Analysis and what’s next
- As noted above, the FDA asked for this report. The assessment was intended to build on (and update) the 2017 HHS Healthcare Industry Cybersecurity Task Force Report and complement the more recent work of the IMDRF and HSCC. The report ultimately sought to address the existing gaps in the system that are holding up implementation and adoption of the best practices identified by IMDRF and HSCC.

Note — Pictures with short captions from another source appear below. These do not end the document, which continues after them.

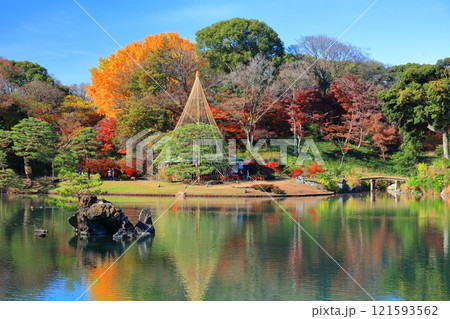【東京都】快晴のシンメトリーな六義園の紅葉 【東京都】快晴のシンメトリーな六義園の紅葉 121593562
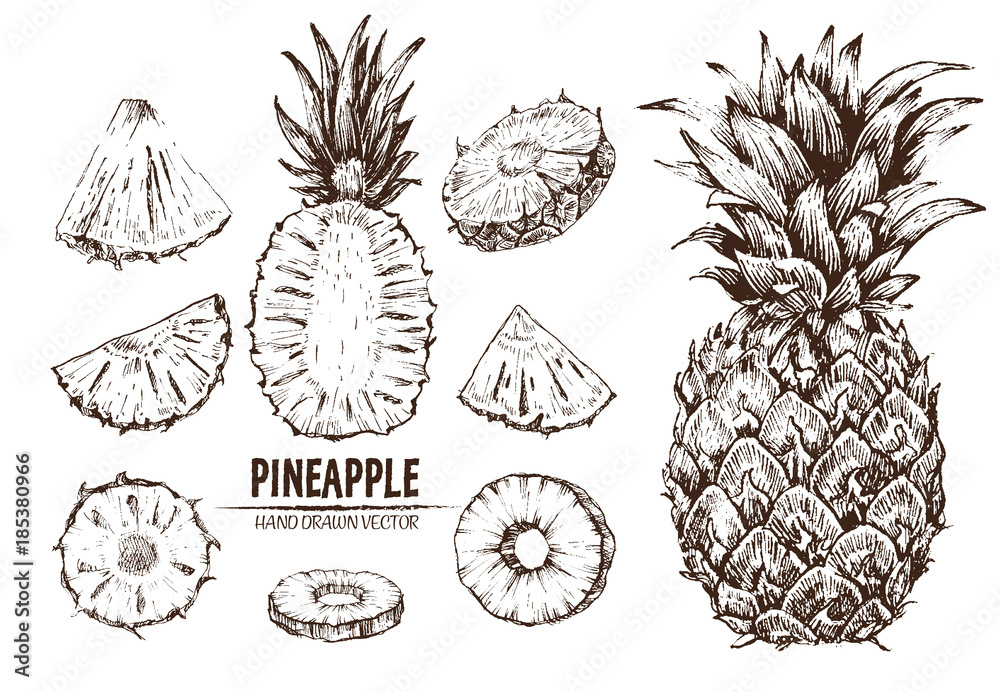 Digital vector detailed line art pineapple fruit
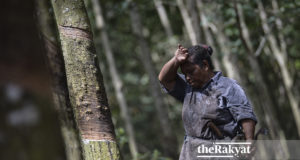 gambar hiasan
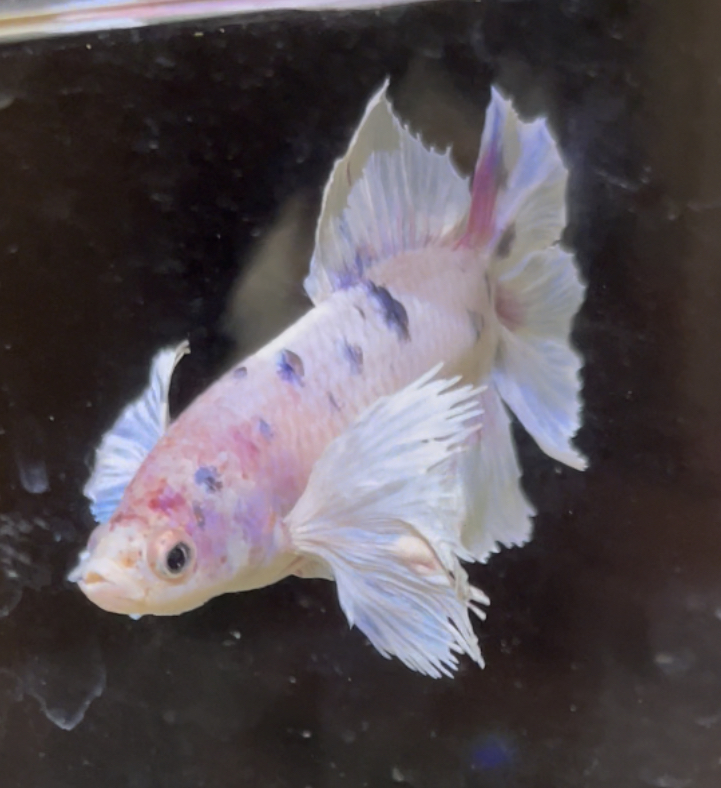betta602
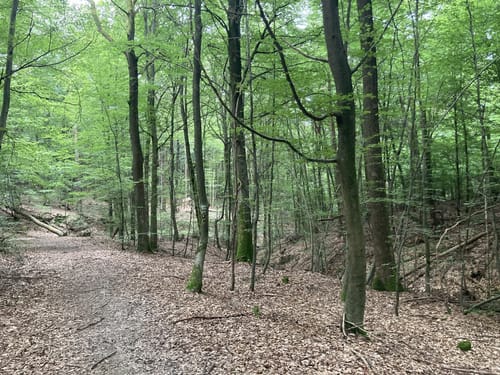 WesterwaldSteig Etappe 11: Kloster Marienthal - Weyerbusch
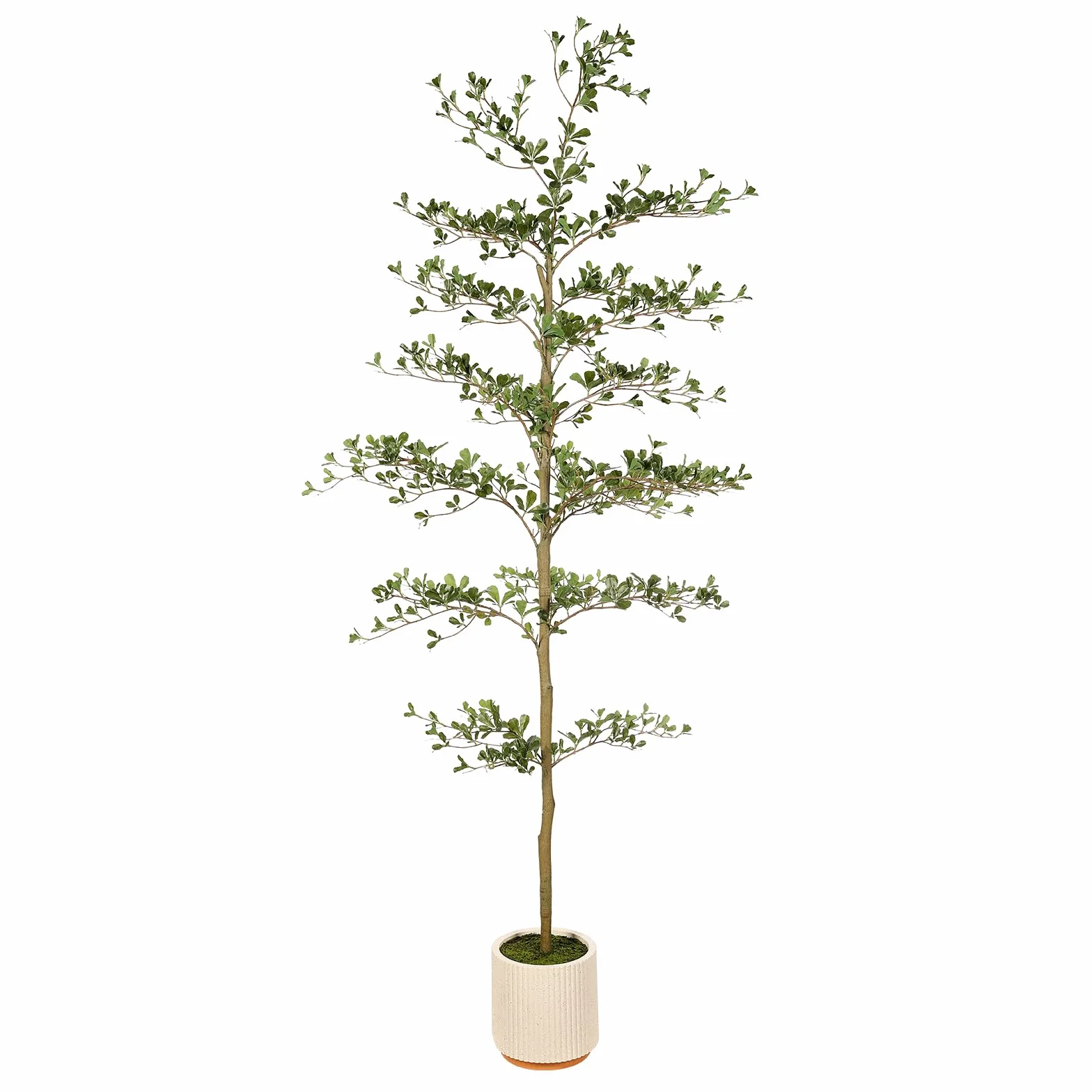 FEELEAD Olivo negro sintético de 7 pies – Árbol artificial realista de mujer sombreado de 7 pies con maceta para interiores, olivo negro falso con ramas naturales y hojas realistas para decoración del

- Most of the recommendations don’t really lend themselves well to new FDA guidance. The report’s recommendations focus on research and infrastructure gaps (e.g., assessing the feasibility of having a single repository of vulnerability disclosure information) and areas in which there could be more coordination and understanding between MDMs and HDOs, such as partnerships where each sector shares their perspectives on networking and security. However, the report and its recommendations don’t call out distinct, discreet areas where the FDA could issue guidance for device manufacturers on the steps they would need to take to ensure that they have sufficiently fulfilled their responsibilities for devices as they wind down guaranteed services and the devices transition to legacy status.
- There are some interesting ideas, including the development of templates for information sharing agreements (ISAs), or the agreements that “describe expectations for cybersecurity design and practices between MDMs and HDOs.” As the report notes, these are usually initiated by HDOs, but “given the complexity and diversity of these agreements, it would be beneficial for HDOs and MDMs to have template ISAs to be used as models to streamline the process and ensure that appropriate expectations are included for managing legacy medical device cybersecurity risks.” Having a template to work off that can “include expectations for security controls, device access (e.g., credentials), identification and timely management of product security vulnerabilities for products sold and supported by the vendor for the product life, and potential requirements for support after useful life period has expired for some legacy capital devices” could reduce the guesswork for manufacturers.
- What’s next? So far, it looks like the actual expectations for cybersecurity for legacy devices are still a work in progress. The FDA’s new contracted report lays out the infrastructure gaps that are still hampering adoption of best practices, as well as information gaps that are hindering the development of new or more comprehensive best practices going forward. While the FDA is expected to issue a final remanufacturing guidance in FY2024, according to CDRH’s guidance agenda, it seems unlikely that this document will incorporate the cybersecurity approaches from the 2021 discussion paper.